= What this task involves =
For the records that follow, please set down exactly the lines between the one holding "Luxury black car" and the one holding "Zestaw stół okrągły", inclusive, and only those.

= Data for processing =
•••
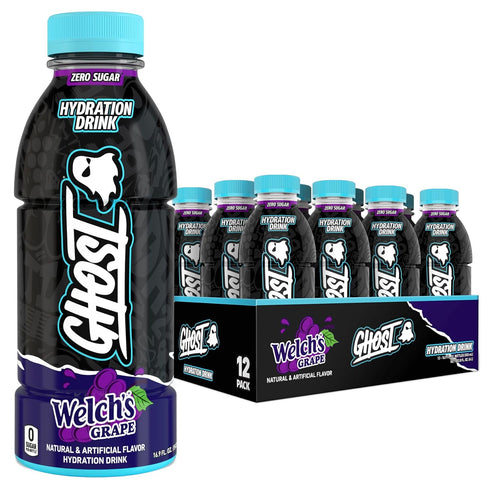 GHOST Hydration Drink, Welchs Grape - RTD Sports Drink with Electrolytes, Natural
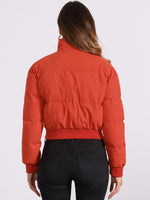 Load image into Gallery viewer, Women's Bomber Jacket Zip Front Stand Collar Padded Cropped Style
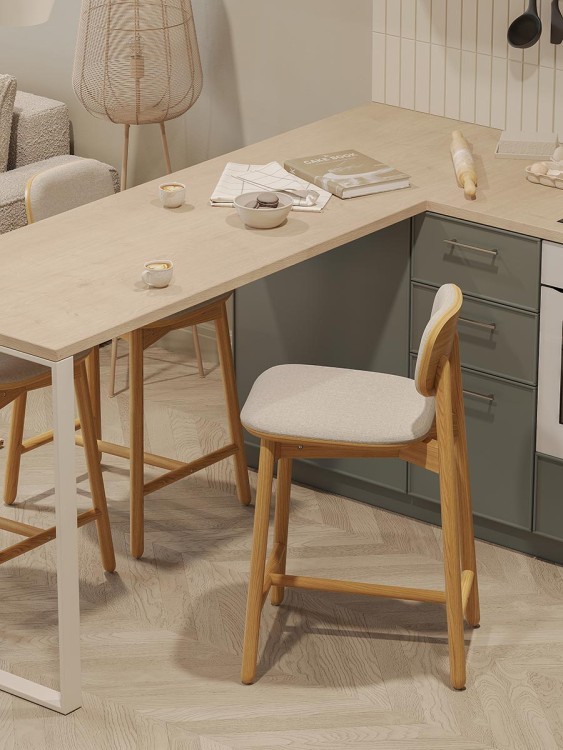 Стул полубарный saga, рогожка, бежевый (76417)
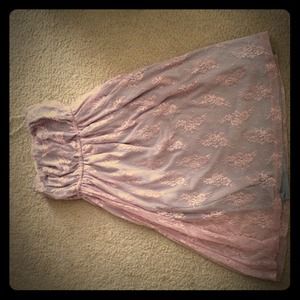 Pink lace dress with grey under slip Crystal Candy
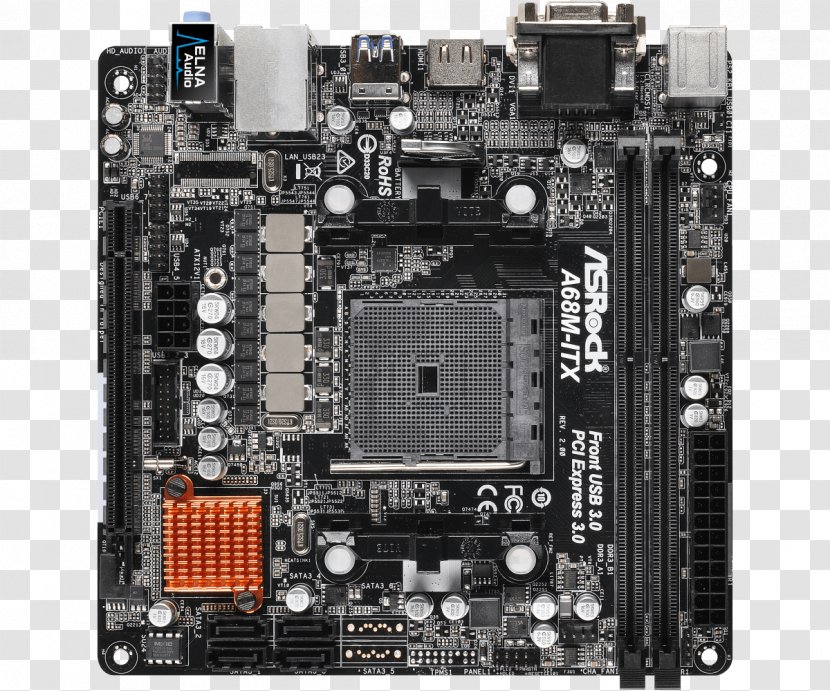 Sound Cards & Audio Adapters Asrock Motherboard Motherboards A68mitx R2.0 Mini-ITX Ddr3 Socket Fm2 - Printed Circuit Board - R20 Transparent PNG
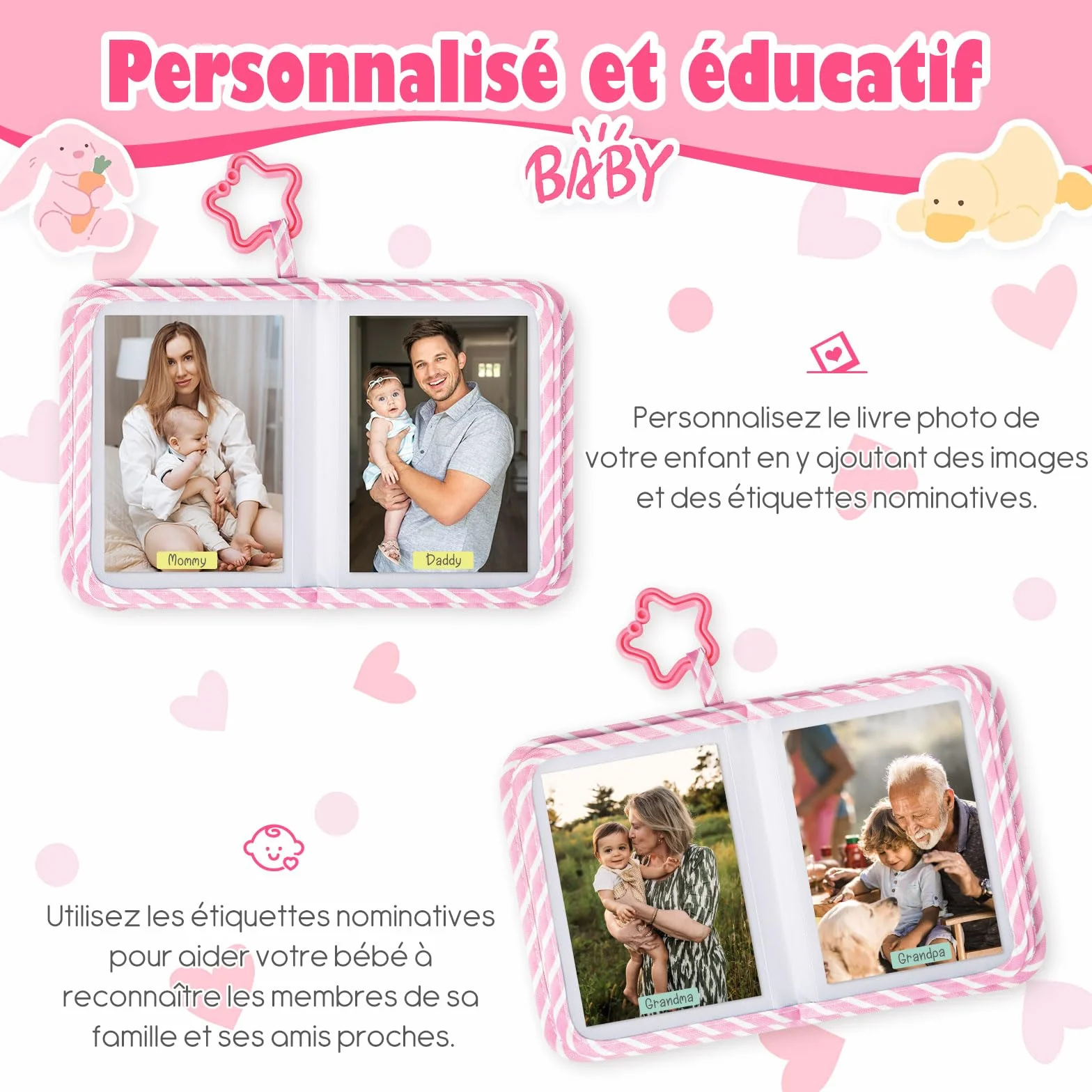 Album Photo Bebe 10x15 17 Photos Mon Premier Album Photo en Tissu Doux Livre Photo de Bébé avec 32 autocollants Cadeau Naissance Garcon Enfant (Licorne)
•••
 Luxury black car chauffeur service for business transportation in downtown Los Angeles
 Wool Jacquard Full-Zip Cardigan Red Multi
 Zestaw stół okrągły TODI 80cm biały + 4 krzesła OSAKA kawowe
•••
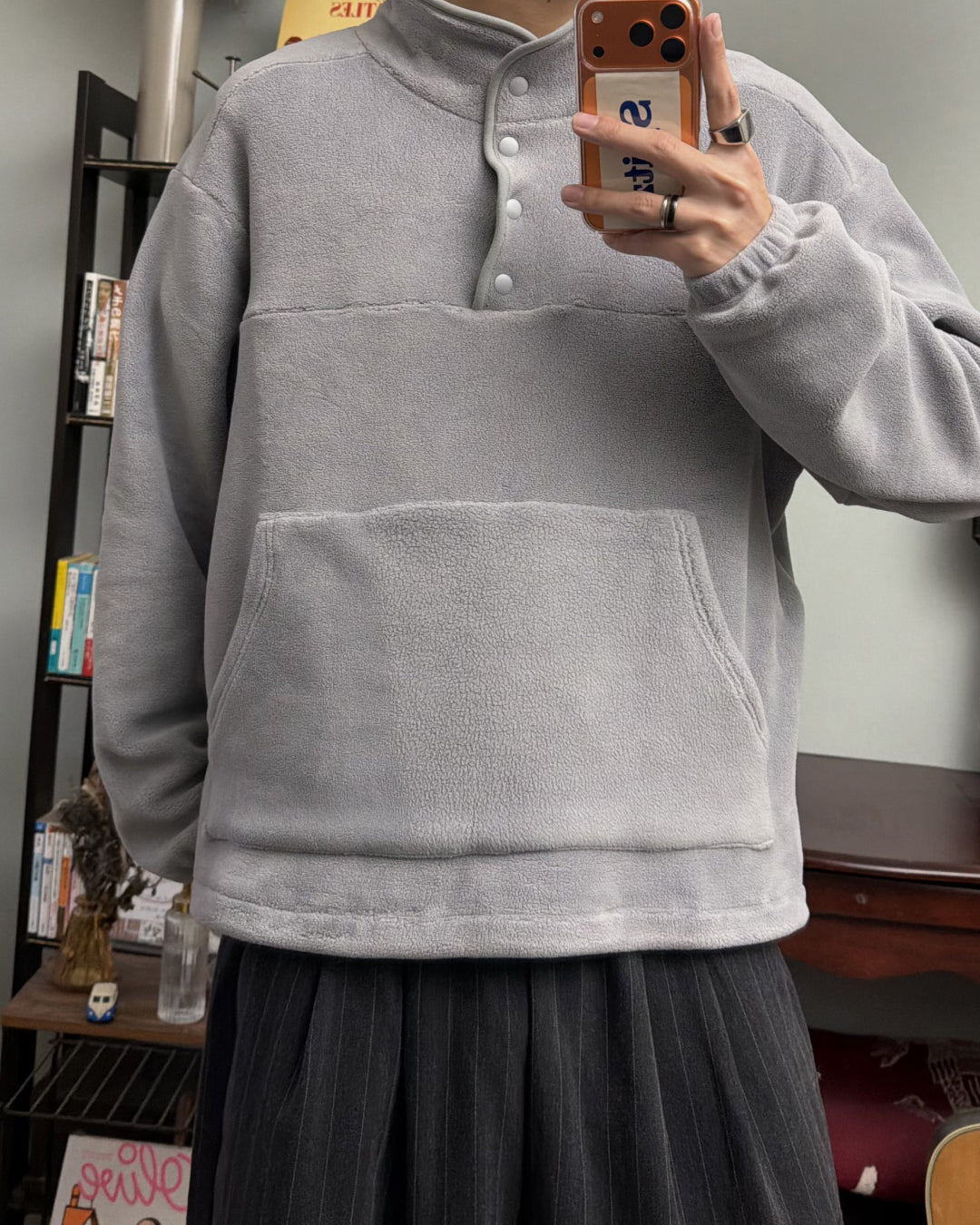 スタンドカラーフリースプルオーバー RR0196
•••
= Answer space =
 Luxury black car chauffeur service for business transportation in downtown Los Angeles
 Wool Jacquard Full-Zip Cardigan Red Multi
 Zestaw stół okrągły TODI 80cm biały + 4 krzesła OSAKA kawowe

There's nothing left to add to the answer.